#### Goal of the exercise
When you copy the listing, skip the images and return each line verbatim.

#### Given data

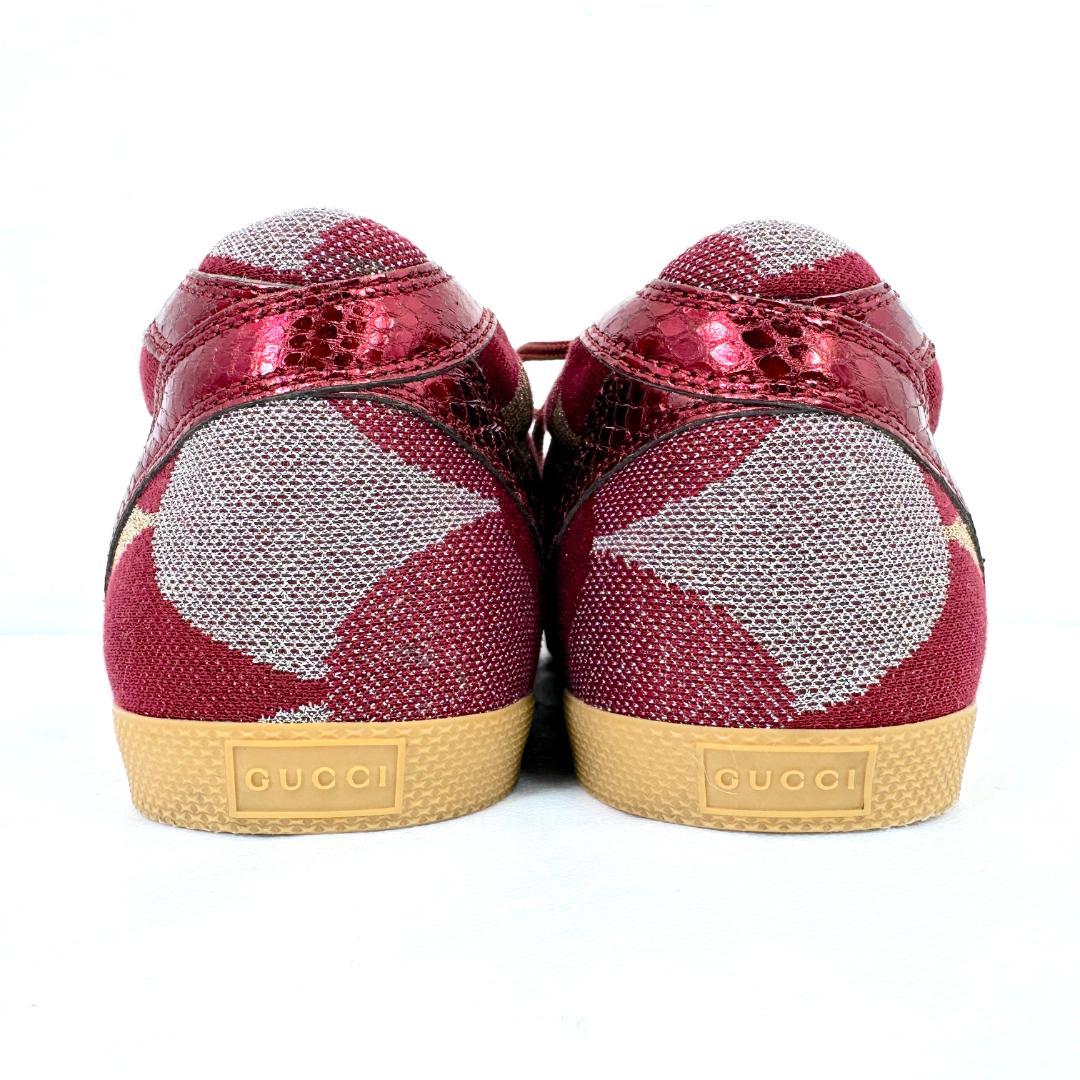 靴 Gucci Marmont Sneaker \"Red\" 437485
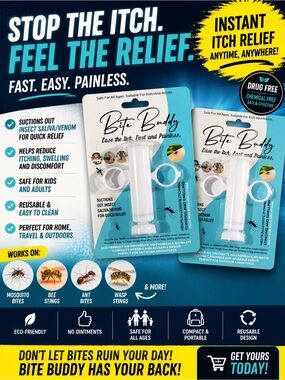 2 Bite Buddy Insect Bite Relief Tools! – 2 Pack 🦟✨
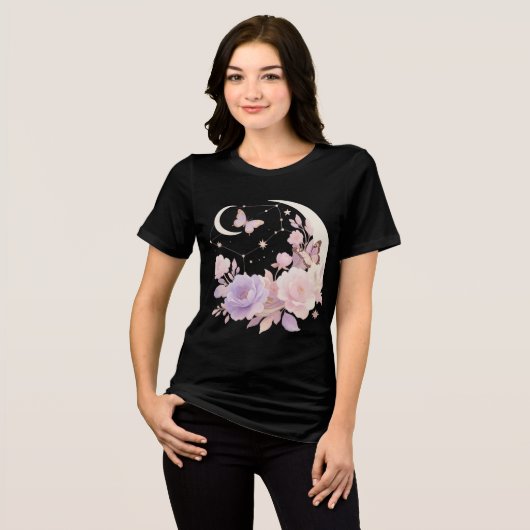 Bella+Canvas女性用トライブレンドTシャツ トライブレンドTシャツ (正面全面)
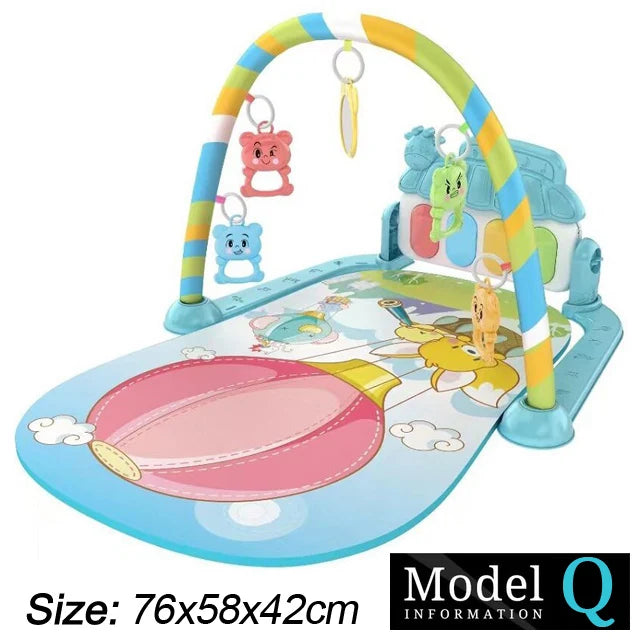 Soporte de Fitness para bebé, juego de música, juguetes de actividades de gimnasio, manta para gatear de Piano para recién nacido, almohadilla de juego de Pedal, regalos de educación temprana de 0 a 36 meses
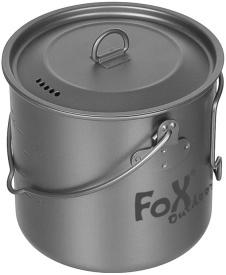 Oala Fox din titan cu capac si manere pliabile 1.1 litri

#### Your response
 靴 Gucci Marmont Sneaker \"Red\" 437485
 2 Bite Buddy Insect Bite Relief Tools! – 2 Pack 🦟✨
 Bella+Canvas女性用トライブレンドTシャツ トライブレンドTシャツ (正面全面)
 Soporte de Fitness para bebé, juego de música, juguetes de actividades de gimnasio, manta para gatear de Piano para recién nacido, almohadilla de juego de Pedal, regalos de educación temprana de 0 a 36 meses
 Oala Fox din titan cu capac si manere pliabile 1.1 litri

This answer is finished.